Abby Davis Munro | |
Birth Date: | 1837 |
Birth Place: | Bristol, Rhode Island |
Death Date: | 1913 |
Known For: | Teaching, founding the Mount Pleasant Home for Destitute Children |
Abby Davis Munro (1837-1913)[1] was a South Carolina teacher and abolitionist who operated both the Laing School in Mount Pleasant, and the Mount Pleasant Home for Destitute Children.
Munro was born in 1837, and never married.[2] She was brought up in Bristol, Rhode Island before relocating to South Carolina during the Reconstruction era.[3]
Despite widespread racism at the time, she was noted for her kindness to Black Americans, notably uncommon from white Americans. Her diary entry of January 16, 1869 reads:
"Oh what a long and dreary ride through miles of forest and swamps over muddy waters or past miserable-looking villages of Negro huts. No sign of life or thought. Everything all through the South has such a forsaken, desolate look and the people seem but half alive, as they shuffle rather than walk along.

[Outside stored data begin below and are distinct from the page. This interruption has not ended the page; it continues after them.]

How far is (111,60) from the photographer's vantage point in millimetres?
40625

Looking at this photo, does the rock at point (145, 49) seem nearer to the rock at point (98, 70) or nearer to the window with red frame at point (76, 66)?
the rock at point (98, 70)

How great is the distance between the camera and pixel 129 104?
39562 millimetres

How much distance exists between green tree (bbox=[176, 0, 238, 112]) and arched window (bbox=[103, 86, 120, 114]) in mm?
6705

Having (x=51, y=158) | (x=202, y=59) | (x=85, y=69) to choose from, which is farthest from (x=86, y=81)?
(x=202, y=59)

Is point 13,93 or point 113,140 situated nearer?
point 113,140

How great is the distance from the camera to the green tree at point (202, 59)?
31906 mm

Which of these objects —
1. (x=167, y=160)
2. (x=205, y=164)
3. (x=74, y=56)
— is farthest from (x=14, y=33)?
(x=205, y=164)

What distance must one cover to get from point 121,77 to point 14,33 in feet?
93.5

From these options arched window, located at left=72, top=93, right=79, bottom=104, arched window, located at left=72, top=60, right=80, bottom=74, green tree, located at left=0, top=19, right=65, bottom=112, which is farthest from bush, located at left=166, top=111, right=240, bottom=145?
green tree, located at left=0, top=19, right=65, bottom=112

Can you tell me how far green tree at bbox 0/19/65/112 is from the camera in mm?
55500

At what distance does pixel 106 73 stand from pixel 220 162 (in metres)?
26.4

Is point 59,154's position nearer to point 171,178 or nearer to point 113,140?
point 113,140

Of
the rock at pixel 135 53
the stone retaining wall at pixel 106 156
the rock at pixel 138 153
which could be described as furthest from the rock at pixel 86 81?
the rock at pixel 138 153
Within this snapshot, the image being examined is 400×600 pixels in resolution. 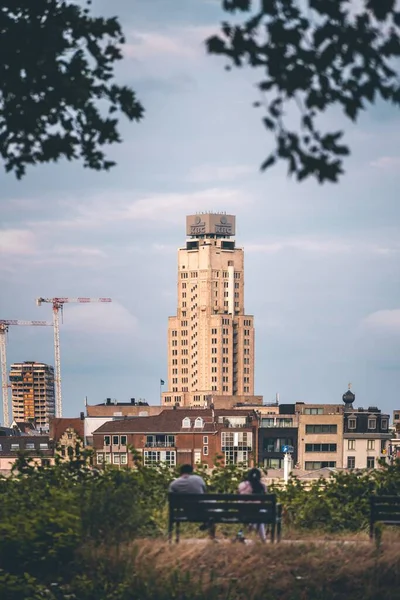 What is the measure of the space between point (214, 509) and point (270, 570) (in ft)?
5.13

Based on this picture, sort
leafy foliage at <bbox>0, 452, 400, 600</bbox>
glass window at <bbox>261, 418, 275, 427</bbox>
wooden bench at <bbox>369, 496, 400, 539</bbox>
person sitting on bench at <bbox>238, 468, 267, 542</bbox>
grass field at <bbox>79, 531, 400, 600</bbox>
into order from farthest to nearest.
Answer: glass window at <bbox>261, 418, 275, 427</bbox> → person sitting on bench at <bbox>238, 468, 267, 542</bbox> → wooden bench at <bbox>369, 496, 400, 539</bbox> → leafy foliage at <bbox>0, 452, 400, 600</bbox> → grass field at <bbox>79, 531, 400, 600</bbox>

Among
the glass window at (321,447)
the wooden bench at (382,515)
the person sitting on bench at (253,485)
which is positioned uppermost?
the person sitting on bench at (253,485)

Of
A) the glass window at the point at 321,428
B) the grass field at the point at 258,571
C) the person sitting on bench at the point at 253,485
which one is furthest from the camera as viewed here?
the glass window at the point at 321,428

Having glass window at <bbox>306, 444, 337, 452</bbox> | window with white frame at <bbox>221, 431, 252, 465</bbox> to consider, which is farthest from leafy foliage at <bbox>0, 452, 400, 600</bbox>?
window with white frame at <bbox>221, 431, 252, 465</bbox>

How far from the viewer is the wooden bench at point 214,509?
26.2 m

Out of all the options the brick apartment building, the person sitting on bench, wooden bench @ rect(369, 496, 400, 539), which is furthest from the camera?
the brick apartment building

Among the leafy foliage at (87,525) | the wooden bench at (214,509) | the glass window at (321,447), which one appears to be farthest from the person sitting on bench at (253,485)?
the glass window at (321,447)

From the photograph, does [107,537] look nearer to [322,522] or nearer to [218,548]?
[218,548]

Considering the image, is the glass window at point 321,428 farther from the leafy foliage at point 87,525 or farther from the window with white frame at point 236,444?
the leafy foliage at point 87,525

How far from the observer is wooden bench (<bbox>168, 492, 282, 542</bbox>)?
85.9ft

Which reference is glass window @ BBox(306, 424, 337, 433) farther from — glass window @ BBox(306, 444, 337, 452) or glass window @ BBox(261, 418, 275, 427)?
glass window @ BBox(261, 418, 275, 427)

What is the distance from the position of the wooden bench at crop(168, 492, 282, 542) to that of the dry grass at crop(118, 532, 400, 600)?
0.45 metres

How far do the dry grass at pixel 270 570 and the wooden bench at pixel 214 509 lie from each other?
449 mm

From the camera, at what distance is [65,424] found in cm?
18025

And what has but slavery done this?"
She worked for the Pennsylvania Abolition Society and also as a teacher, teaching recently emancipated African Americans, initially at the Avery Institute in Charleston before relocating to the Laing School in Mount Pleasant in 1869, where she worked as a teacher and later as the principal for 40 years.
She was known to be both strict, requiring students to memorise and recite a bible verse weekly, and also kind.
Munro ran a boarding house for Black teachers and in July 1883 opened an orphanage known informally as the Munro's school and officially the Mount Pleasant Home for Destitute Children. She sought funding from Americans in the Northeastern United States, which she used to purchase a house, which she converted into the school. Impoverished parents relinquished guardianship of their children to the school.
At the age of 76, Munro died at home of a heart attack, survived by her three sisters.
Munro's journals and papers are an exhibit in the University of South Carolina Libraries and also part of the collection of the National Museum of African American History and Culture shared with the Library of Congress.[4]